Gene targeting strategy for B-hAPLNR mice. The exon 1 of mouse Aplnr gene that encodes the full-length protein was replaced by human APLNR exon 1 in B-hAPLNR mice.

Strain specific analysis of APLNR mRNA expression in wild-type C57BL/6N mice and B-hAPLNR mice by RT-PCR. Spleen, Skeletal muscle, Subcutaneous fat RNA were isolated from wild-type C57BL/6N mice (+/+) and homozygous B-hAPLNR mice (H/H), then cDNA libraries were synthesized by reverse transcription, followed by PCR with mouse or human APLNR primers. Mouse Aplnr mRNA was detectable only in wild-type C57BL/6N mice. Human APLNR mRNA was detectable only in homozygous B-hAPLNR mice but not in wild-type mice.

Strain specific analysis of APLNR gene expression in wild-type C57BL/6N mice and B-hAPLNR mice by RT-qPCR. Inguinal fat and hindlimb calf muscle RNA were isolated from wild-type C57BL/6N mice (+/+) (male, 6w, n=3) and homozygous B-hAPLNR mice (H/H) (male, 6w, n=3). The mRNA expression of human APLNR in homozygous B-hAPLNR mice was higher compared with mouse Aplnr in wild-type C57BL/6N mice. Values are expressed as mean ± SEM. *P < 0.05, **P < 0.01, ***P < 0.001. ns, no significant.

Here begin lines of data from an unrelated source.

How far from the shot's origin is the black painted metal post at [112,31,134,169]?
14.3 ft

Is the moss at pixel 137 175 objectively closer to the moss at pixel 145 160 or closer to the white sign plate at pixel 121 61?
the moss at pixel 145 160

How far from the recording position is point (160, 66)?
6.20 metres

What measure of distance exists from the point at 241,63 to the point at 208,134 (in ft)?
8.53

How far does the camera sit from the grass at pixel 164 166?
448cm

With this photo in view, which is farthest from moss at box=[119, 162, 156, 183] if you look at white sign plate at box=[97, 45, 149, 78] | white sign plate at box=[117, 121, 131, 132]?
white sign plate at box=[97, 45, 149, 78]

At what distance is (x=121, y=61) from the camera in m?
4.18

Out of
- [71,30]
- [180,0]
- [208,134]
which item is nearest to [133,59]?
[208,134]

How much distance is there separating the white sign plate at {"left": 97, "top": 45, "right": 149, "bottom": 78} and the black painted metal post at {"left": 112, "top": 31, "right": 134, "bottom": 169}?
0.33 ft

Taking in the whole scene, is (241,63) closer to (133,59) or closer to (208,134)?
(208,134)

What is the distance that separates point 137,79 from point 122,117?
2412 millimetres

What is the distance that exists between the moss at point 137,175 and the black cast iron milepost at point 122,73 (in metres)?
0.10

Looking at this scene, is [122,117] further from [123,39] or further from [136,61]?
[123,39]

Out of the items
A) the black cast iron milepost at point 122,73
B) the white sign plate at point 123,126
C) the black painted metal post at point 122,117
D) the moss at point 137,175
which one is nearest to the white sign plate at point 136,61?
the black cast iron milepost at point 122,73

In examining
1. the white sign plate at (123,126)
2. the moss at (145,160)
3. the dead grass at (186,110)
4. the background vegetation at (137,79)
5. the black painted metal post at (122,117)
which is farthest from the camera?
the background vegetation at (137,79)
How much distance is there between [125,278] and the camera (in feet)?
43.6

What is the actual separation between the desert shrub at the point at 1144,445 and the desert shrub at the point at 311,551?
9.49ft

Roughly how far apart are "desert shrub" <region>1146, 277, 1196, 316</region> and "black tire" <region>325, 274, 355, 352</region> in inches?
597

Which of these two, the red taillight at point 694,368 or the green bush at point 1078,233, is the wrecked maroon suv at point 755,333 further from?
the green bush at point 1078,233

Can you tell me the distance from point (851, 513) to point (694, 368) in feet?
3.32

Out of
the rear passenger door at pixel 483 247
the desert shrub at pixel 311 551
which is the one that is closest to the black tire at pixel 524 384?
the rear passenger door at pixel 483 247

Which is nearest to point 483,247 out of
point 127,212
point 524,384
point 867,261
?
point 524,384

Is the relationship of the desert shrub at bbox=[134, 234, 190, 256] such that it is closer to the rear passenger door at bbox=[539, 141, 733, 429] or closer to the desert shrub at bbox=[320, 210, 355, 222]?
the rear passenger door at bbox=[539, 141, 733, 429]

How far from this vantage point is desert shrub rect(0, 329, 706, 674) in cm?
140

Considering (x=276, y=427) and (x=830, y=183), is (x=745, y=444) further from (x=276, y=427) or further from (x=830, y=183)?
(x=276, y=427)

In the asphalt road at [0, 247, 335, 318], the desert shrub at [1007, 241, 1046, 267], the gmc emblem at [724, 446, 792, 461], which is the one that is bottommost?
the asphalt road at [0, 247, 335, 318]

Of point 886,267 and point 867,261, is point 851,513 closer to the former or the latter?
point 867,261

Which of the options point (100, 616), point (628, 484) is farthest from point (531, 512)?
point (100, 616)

Anti-human APLNR antibody binding assessment in B-hAPLNR MC38. B-hAPLNR MC38 and MC38 were analyzed by flow cytometry. Anti-hAPLNR antibody hAPLNR Ab-A (provided by a client) can bind B-hAPLNR MC38 but not bind MC38.

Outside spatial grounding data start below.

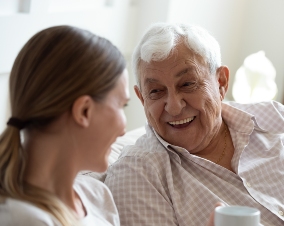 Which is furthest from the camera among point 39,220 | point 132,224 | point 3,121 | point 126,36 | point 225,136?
point 126,36

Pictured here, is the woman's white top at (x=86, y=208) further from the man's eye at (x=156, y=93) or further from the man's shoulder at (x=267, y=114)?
the man's shoulder at (x=267, y=114)

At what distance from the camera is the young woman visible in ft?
4.48

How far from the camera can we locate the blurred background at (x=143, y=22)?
2370 millimetres

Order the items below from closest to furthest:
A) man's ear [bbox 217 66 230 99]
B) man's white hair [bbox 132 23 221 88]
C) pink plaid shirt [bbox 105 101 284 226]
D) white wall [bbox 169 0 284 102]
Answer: pink plaid shirt [bbox 105 101 284 226] < man's white hair [bbox 132 23 221 88] < man's ear [bbox 217 66 230 99] < white wall [bbox 169 0 284 102]

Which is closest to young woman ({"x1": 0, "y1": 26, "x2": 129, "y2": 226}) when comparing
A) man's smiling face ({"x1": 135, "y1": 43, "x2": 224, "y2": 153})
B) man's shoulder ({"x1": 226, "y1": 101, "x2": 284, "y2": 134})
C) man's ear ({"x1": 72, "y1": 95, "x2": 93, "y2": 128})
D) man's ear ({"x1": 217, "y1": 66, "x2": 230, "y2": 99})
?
man's ear ({"x1": 72, "y1": 95, "x2": 93, "y2": 128})

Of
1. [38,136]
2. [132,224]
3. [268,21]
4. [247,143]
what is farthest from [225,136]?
[268,21]

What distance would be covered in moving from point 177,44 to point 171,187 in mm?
469

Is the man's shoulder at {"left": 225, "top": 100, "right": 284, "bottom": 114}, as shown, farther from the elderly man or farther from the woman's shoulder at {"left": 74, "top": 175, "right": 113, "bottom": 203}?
the woman's shoulder at {"left": 74, "top": 175, "right": 113, "bottom": 203}

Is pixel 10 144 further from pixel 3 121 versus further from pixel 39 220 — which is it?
pixel 3 121

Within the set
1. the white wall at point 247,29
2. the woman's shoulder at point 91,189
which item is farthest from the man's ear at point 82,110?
the white wall at point 247,29

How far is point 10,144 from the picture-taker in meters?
1.39

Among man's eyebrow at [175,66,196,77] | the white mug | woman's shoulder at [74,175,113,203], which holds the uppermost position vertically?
man's eyebrow at [175,66,196,77]

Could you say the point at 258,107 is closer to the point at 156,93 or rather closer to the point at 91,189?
the point at 156,93

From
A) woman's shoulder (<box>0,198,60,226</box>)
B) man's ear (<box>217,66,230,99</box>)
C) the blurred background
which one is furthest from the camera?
the blurred background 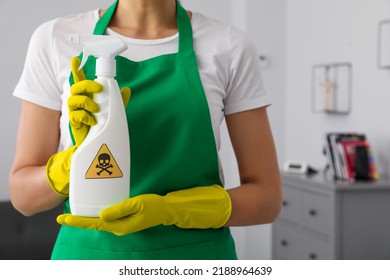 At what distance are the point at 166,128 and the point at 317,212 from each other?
6.66 ft

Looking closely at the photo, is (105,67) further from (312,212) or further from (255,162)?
(312,212)

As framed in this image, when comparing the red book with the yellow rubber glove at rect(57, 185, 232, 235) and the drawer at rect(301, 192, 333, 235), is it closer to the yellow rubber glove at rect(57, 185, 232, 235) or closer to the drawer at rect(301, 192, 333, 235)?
the drawer at rect(301, 192, 333, 235)

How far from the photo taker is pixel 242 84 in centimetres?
122

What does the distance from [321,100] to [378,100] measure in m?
0.53

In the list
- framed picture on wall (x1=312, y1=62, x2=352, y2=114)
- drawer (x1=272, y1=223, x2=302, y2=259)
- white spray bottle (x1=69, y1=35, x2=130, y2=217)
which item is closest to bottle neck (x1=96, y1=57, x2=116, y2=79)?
white spray bottle (x1=69, y1=35, x2=130, y2=217)

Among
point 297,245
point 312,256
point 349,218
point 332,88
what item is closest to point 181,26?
point 349,218

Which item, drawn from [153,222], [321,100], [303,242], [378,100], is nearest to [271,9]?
[321,100]

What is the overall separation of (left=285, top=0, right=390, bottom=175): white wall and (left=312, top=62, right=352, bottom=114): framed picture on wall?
4 centimetres

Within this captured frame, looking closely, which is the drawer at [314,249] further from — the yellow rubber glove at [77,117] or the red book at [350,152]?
the yellow rubber glove at [77,117]

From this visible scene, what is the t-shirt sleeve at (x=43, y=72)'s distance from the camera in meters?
1.15

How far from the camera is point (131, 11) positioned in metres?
1.21

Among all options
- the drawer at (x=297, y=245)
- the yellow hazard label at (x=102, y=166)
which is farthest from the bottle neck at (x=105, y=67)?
the drawer at (x=297, y=245)

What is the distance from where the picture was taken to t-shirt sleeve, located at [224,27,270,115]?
1218 millimetres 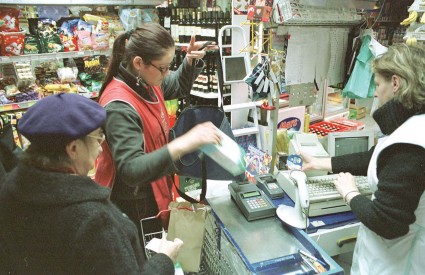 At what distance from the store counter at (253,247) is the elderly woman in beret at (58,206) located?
1.76 feet

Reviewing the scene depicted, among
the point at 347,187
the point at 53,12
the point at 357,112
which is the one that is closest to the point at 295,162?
the point at 347,187

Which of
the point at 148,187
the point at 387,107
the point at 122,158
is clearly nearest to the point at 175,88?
the point at 148,187

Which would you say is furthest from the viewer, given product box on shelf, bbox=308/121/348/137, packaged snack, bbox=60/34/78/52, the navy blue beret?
product box on shelf, bbox=308/121/348/137

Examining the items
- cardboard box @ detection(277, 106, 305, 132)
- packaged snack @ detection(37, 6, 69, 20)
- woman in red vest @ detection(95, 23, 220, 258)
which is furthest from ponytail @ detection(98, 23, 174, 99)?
packaged snack @ detection(37, 6, 69, 20)

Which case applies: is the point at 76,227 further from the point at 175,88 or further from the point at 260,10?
the point at 260,10

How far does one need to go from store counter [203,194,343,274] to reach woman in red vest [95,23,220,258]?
29cm

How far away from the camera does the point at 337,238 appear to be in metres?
1.88

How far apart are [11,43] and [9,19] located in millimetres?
237

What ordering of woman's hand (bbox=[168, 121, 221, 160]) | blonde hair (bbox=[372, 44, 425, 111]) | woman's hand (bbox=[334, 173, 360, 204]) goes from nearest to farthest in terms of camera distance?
woman's hand (bbox=[168, 121, 221, 160])
blonde hair (bbox=[372, 44, 425, 111])
woman's hand (bbox=[334, 173, 360, 204])

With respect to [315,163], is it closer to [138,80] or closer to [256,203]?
[256,203]

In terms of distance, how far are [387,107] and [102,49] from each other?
3001 millimetres

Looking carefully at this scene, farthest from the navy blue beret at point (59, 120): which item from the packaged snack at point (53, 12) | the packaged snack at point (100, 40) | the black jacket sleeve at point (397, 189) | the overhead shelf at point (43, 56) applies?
the packaged snack at point (53, 12)

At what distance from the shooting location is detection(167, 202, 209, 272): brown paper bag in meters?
1.47

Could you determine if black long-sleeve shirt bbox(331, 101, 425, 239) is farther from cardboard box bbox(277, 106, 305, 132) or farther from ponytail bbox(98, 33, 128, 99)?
cardboard box bbox(277, 106, 305, 132) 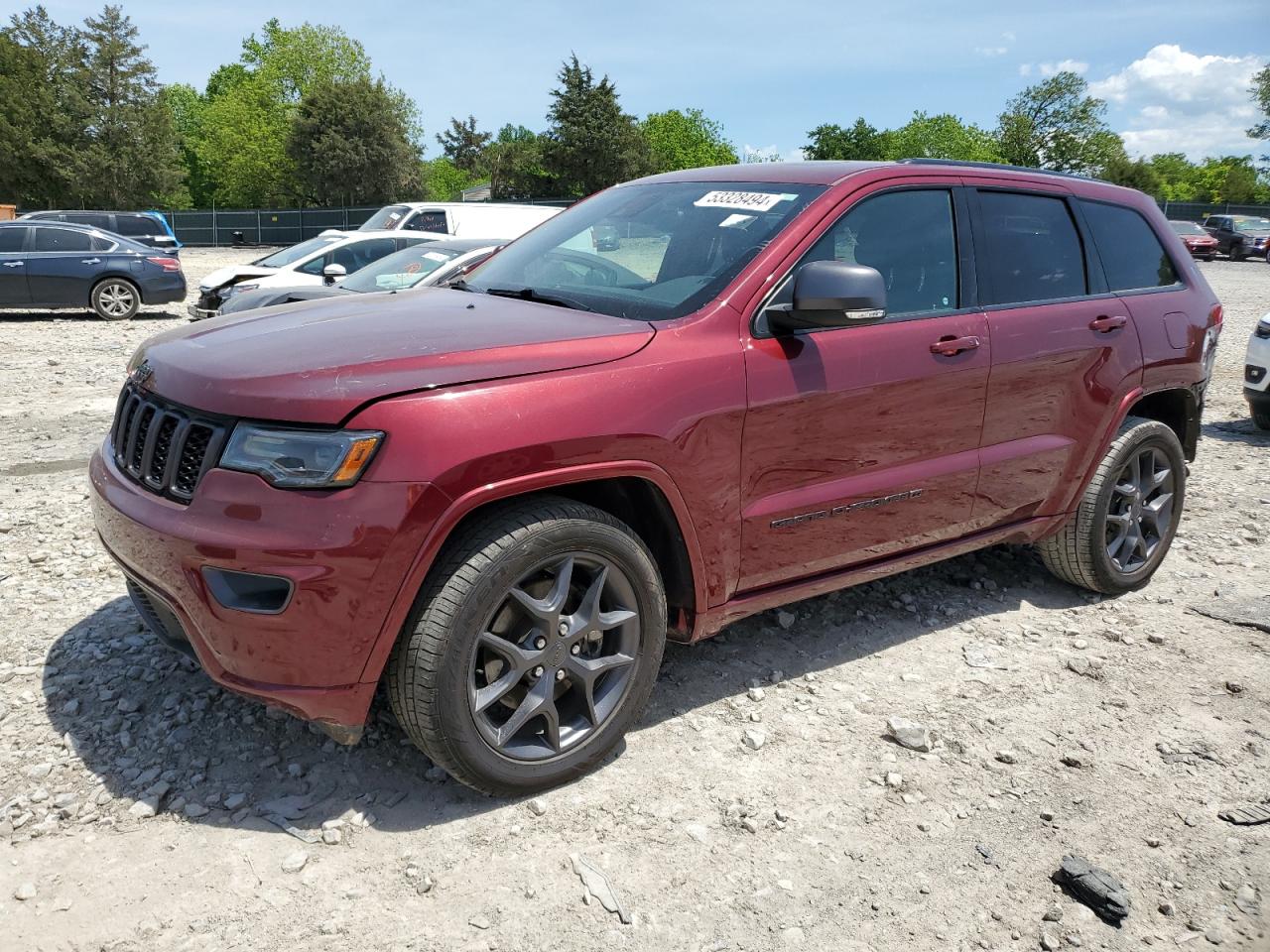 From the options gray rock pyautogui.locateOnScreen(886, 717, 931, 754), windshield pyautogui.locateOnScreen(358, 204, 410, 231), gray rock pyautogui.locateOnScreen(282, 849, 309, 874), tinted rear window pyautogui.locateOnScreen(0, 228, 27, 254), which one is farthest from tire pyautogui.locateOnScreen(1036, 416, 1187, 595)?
tinted rear window pyautogui.locateOnScreen(0, 228, 27, 254)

Strain specific APLNR expression analysis with macrophages from homozygous B-hAPLNR mice by flow cytometry. Macrophages in Spleen,Liver, Small intestine and Brain were collected from wild-type C57BL/6N mice (+/+) (male, 6-week-old) and homozygous B-hAPLNR mice (H/H) (male, 6-week-old) , and analyzed by flow cytometry with anti-human APLNR antibody Ab-A (provided by a client) . Human APLNR was exclusively detectable in spleen of homozygous B-hAPLNR mice.

Immunohistochemical analysis of organs in B-hAPLNR mice . The main organs of B-hAPLNR mice(H/H) were isolated from female(6-week-old, n=1) and male(9-week-old,n=1). Human APLNR Antibody(LS-A64) used for IHC analysis. Considering that APLNR is a membrane protein, typical positive signals are observed in the mucosal epithelium of lung and stomach tissues. Staining in other tissues may represent nonspecific binding signals of the antibody. Scale bar: 200 μm.